謎のプロジェクト「Midori」-ポストWindows OSの実際は?



 “ポストWindows”あるいは“Windowsの終わり”といった見出しが、このところのIT関連メディアで踊っている。Microsoftが開発しているコードネーム「Midori」という技術に関するものだ。Midoriは、同社が極秘に進めてきた“ネットワーク指向OS”で、従来のWindowsのアーキテクチャを完全に刷新して、新時代の画期的OSになるというのである。


 「Midori騒動」のきっかけは、7月29日付のSD TimesのDavid Worthington氏の記事だ。Worthington氏はMicrosoftの内部文書を入手して分析。「MicrosoftのポストWindows計画が明らかになった」というタイトルで報じた。

 それによると、同社はMidoriと呼ばれる「コンポーネント型の非Windows OS」をフルスクラッチで開発中で、現在、開発の初期(インキュベート)段階にあるという。MidoriはレガシーフリーOSで、ツールやライブラリは完全な管理コード。x86、x64、ARMのハードウェア上でネイティブに動作し、Windows「Hyper-V」ハイパーバイザーでホストでき、またWindowsプロセスでホストすることも可能という。

 研究・開発部門のMicrosoft Researchが開発に取り組んでおり、同部門が今年3月、研究者向けに公開したプロトタイプOS「Singularity」の派生物だとしている。

 Worthington氏は、記事のなかで、Midoriの特徴をかなり詳細に説明している。たとえば、「Midoriは分散アプリケーションとローカルアプリケーションの、両方の並行処理に焦点を当てたものとなる」「Midoriのプログラミングモデルは、とりわけSOAに便利であり、サービスへのアプリケーションの分解を斟酌すれば、ティアにまたがって分割することが可能になる」などとしている。

 また、31日付の続報では「Windowsがレガシードライバをサービスとしてラップすることが可能となり、サービスとMidoriを完全に分離しながら、デバイスを超えたクロスOSコミュニケーションを利用する」「Midoriの設計の目標の一つはデバイスドライバをOSから分離することである」など構造面にもスポットを当てた。

 さらに、セキュリティ面の特徴を取り上げた8月5日の記事では、「Midoriはその安全性の仕様によって、バッファオーバーランの危険性を排除できるだろう。スタックやヒープ(動的に確保するメモリ領域)破壊を回避するために、より頻繁にヒープの消去を行う」など、Windowsを悩ませ続けているバッファオーバーフロー攻撃に対応できることにも言及している。

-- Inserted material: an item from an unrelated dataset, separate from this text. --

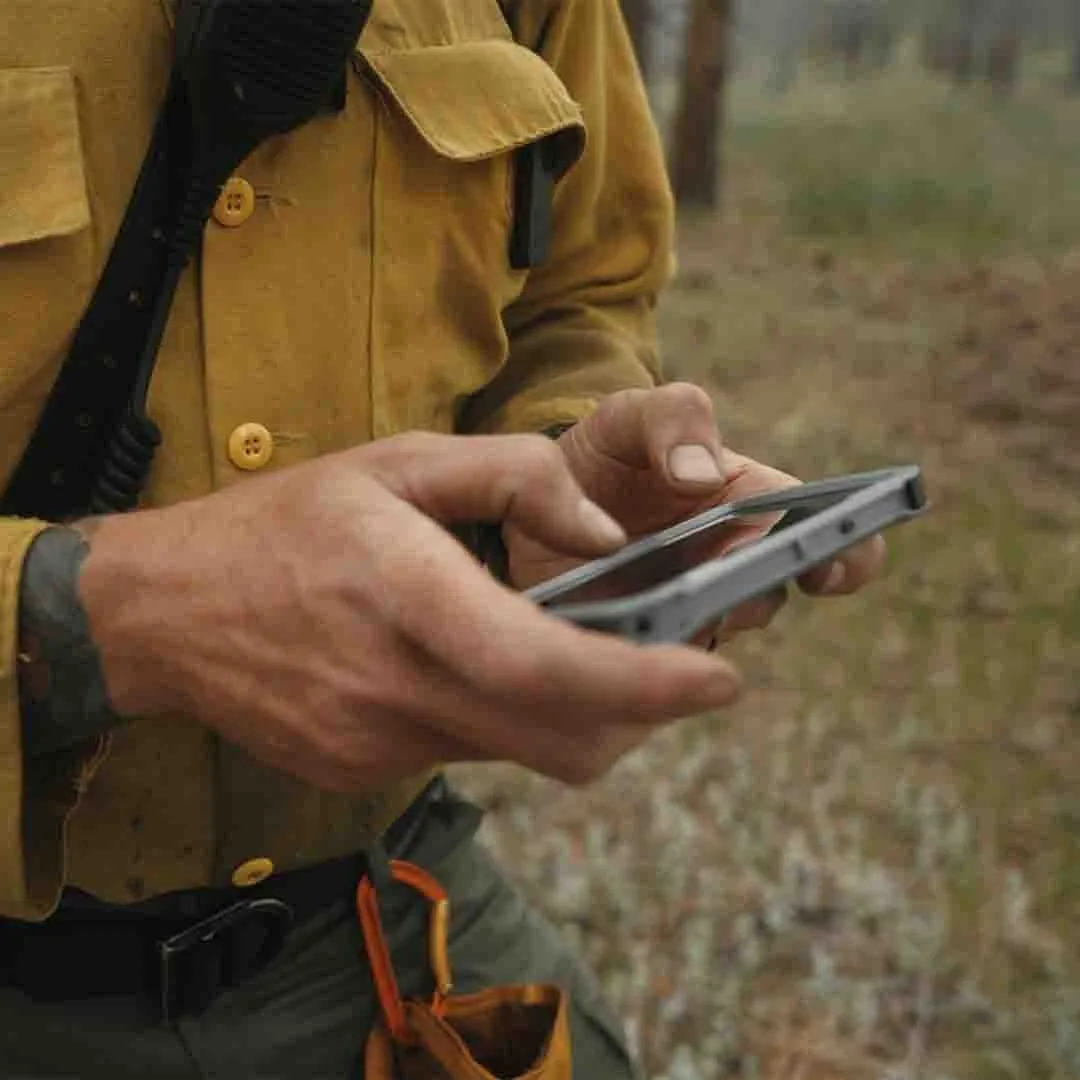 A wildland firefighter in a yellow shirt using a phone in the field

 これらの特徴は、Midoriが、現在のWindowsの弱点を克服し、クラウドコンピューティングと仮想化環境に適合する画期的な新OSであるということを示している。当然、メディアは大騒ぎとなった。


 Midoriの名が最初に注目されたのは、6月30日付のZDnetのブログ「All About Microsoft」だろう。MicrosoftウォッチャーであるMary-Jo Foley氏は、Windows XPの販売終了を機に、Microsoftが極秘で進めている謎のプロジェクトMidoriに触れ、「WindowsコアをスリムダウンしたMinWin」と紹介した。

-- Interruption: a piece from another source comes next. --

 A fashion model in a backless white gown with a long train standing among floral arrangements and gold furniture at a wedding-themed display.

 同氏によると、Midoriは、非WindowsベースのOSの模索から生まれた成果で、“Windowsの座を奪うもの”だという。SD Timesの記事を受けたブログでは、単にMicrosoft Researchの担当ではなく、技術戦略担当シニアバイスプレジデントの1人で、開発のキーパーソンであるEric Rudderが指揮していることに着目。「いずれ商用化することは時間の問題」として、極めて重要な“ポストWindowsプロジェクト”であることを確信している。

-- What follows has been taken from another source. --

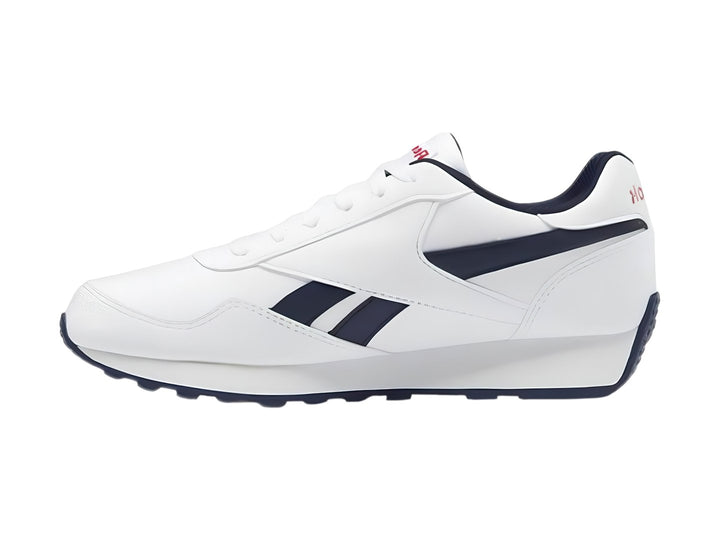 Tenis deportivos Reebok blancos con detalles en azul marino y rojo para niños.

 Microsoftが従来と異なるOS開発に取り組んでいる――というのは誰もが疑わないことだろう。Googleをはじめとするオンラインサービスベースの競争相手の台頭があり、クラウドコンピューティングへの対応も迫られている。このままでは、屋台骨のWindowsビジネスが再構築を余儀なくされるだろうというのは多くの一致する見方だ。

 また、2006年末には、Gartnerが「ITの10の予測」のなかで、次世代のOS環境が、よりモジュール構造を持ったものとなると予想した。従来のWindowsのようなモノリシックな構造のソフトウェアの時代が終わりつつあるというのである。Midoriはこの文脈にも沿っている。

 そして、Microsoftがかつて開発に取り組んだオブジェクト指向OS「Cairo」との共通点や、マイクロカーネルへの再挑戦といった要素もあり、興味をかきたてる話題がいっぱいだ。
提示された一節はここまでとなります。